## HOW TO COMPLETE THIS TASK
The result should be an exact copy of the data, free of pictures.

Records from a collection
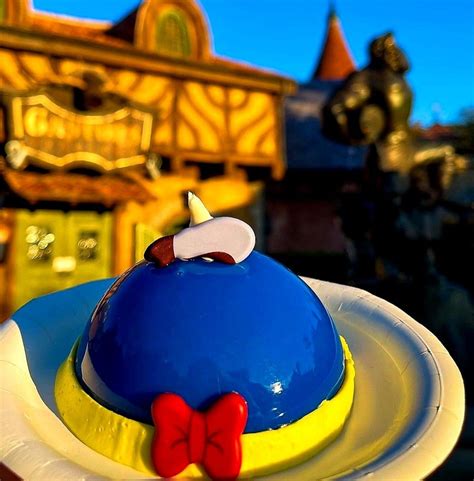 10 Best Magic Kingdom Snacks That You Must Try In 2023 Artofit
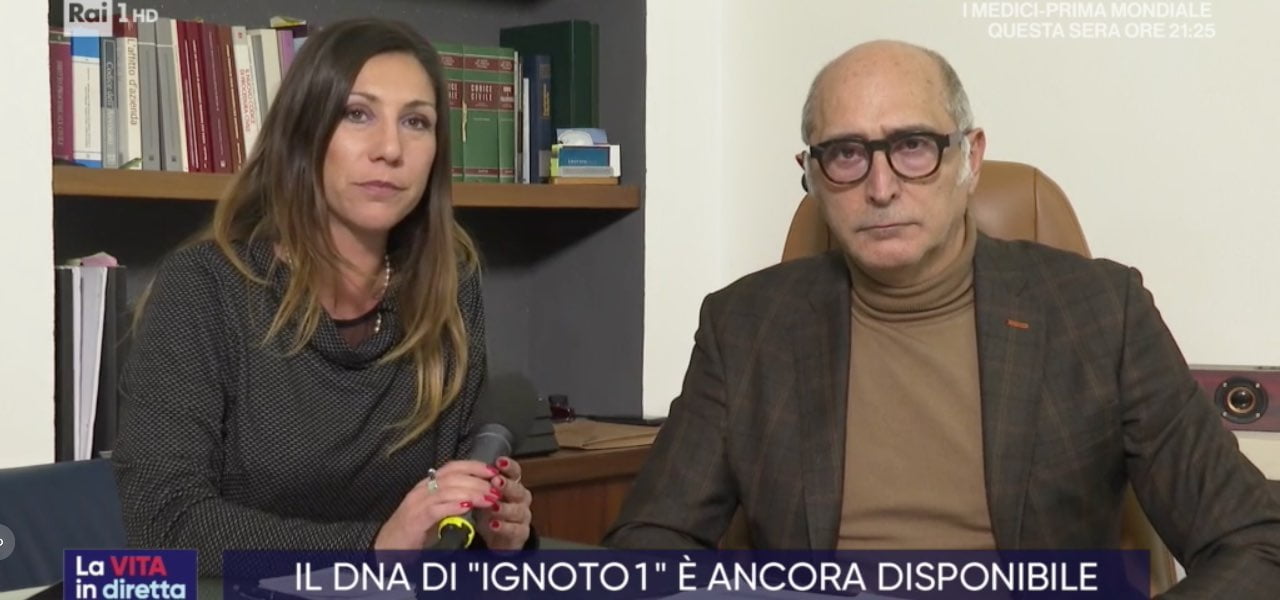 salvagni bossetti vita diretta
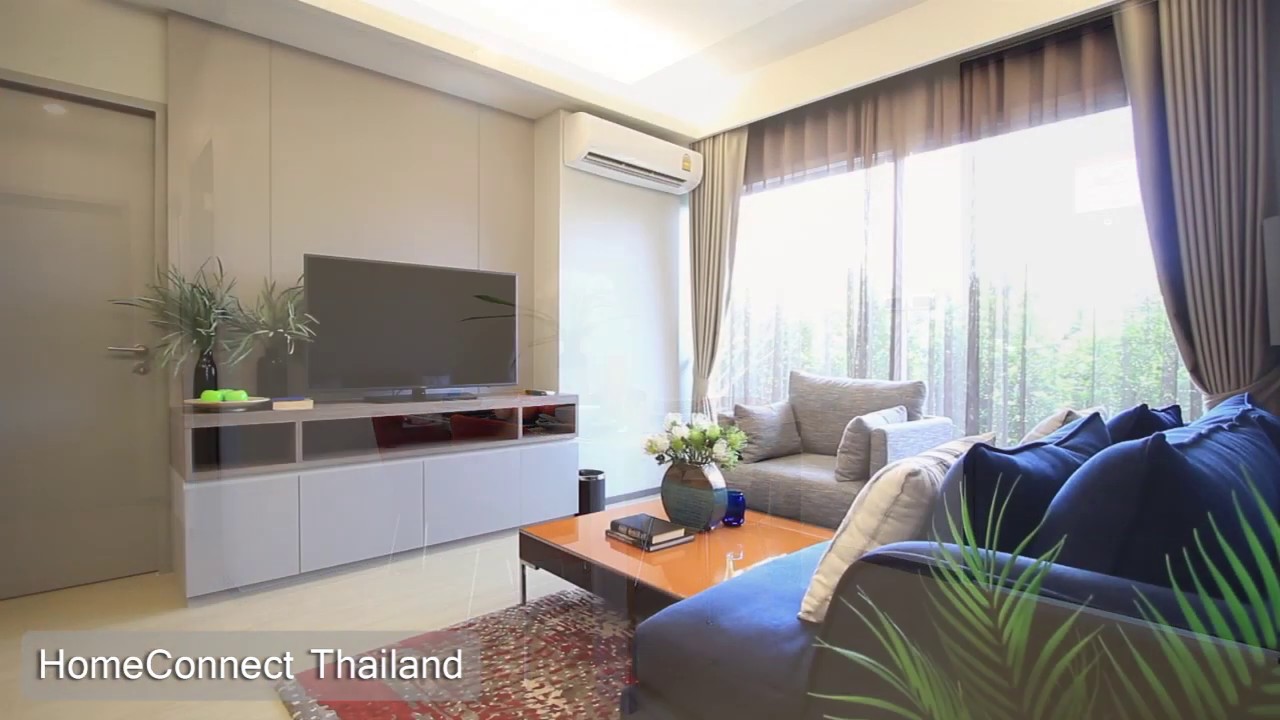 Maitria Residence Rama 9 Bangkok Serviced Apartment for Rent เนื้อหา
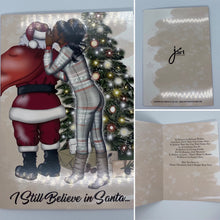 Load image into Gallery viewer, Christmas Greeting Cards - Assortment #1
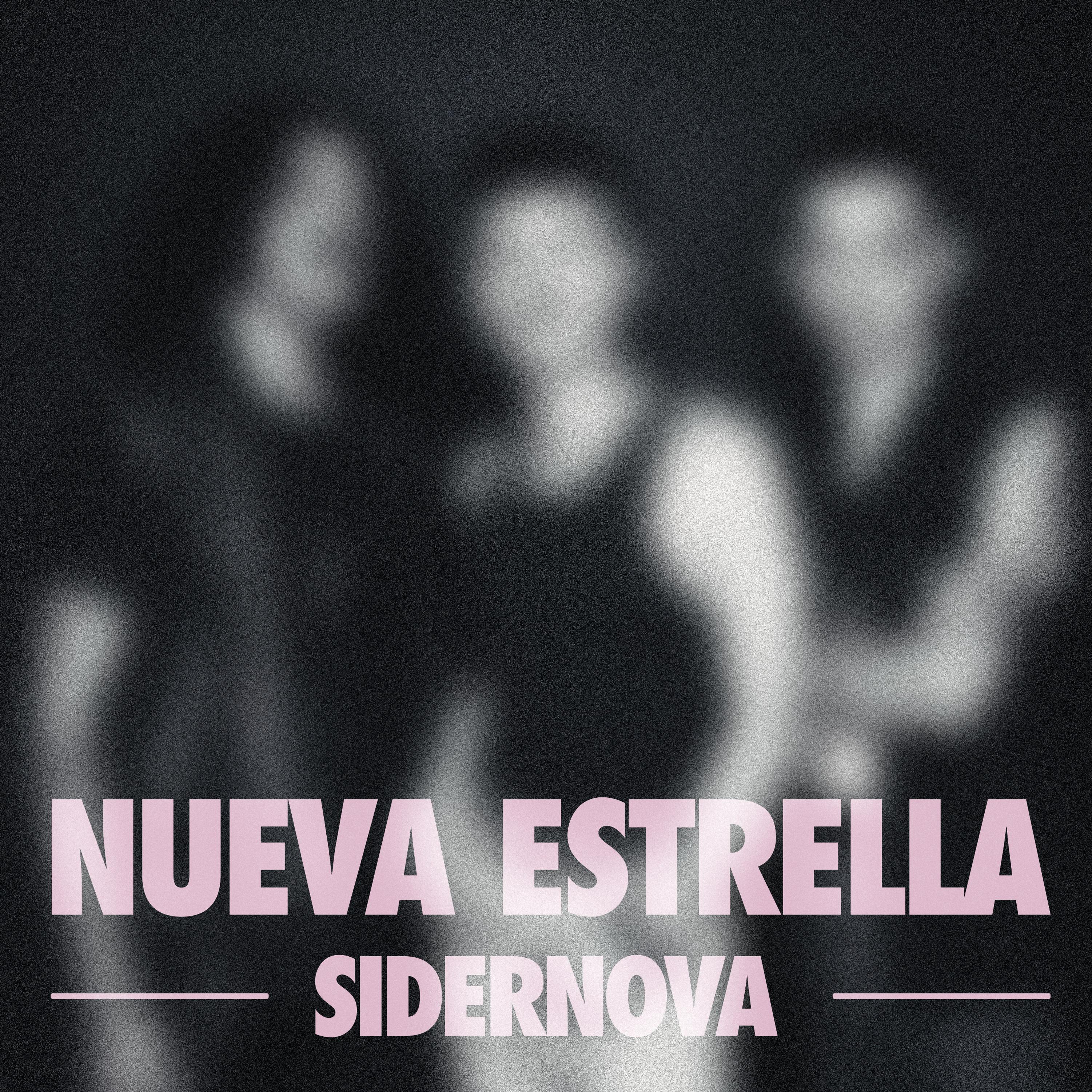 Постер альбома Nueva Estrella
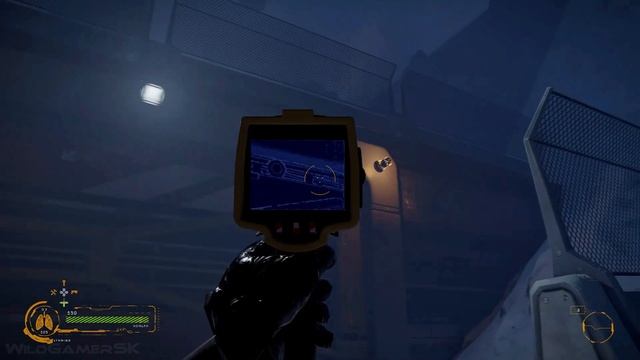 QUANTUM ERROR New Gameplay Demo 20 Minutes 4K смотреть онлайн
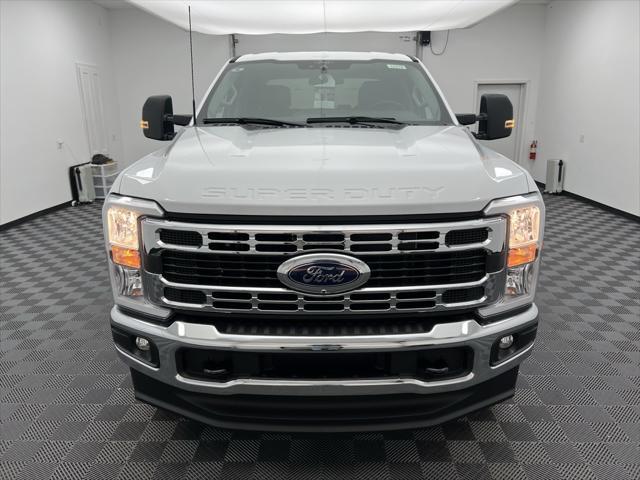 new 2024 Ford F-350 car, priced at $54,845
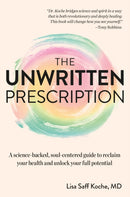 Unwritten Prescription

## THE COMPLETED TASK
 10 Best Magic Kingdom Snacks That You Must Try In 2023 Artofit
 salvagni bossetti vita diretta
 Maitria Residence Rama 9 Bangkok Serviced Apartment for Rent เนื้อหา
 Load image into Gallery viewer, Christmas Greeting Cards - Assortment #1
 Постер альбома Nueva Estrella
 QUANTUM ERROR New Gameplay Demo 20 Minutes 4K смотреть онлайн
 new 2024 Ford F-350 car, priced at $54,845
 Unwritten Prescription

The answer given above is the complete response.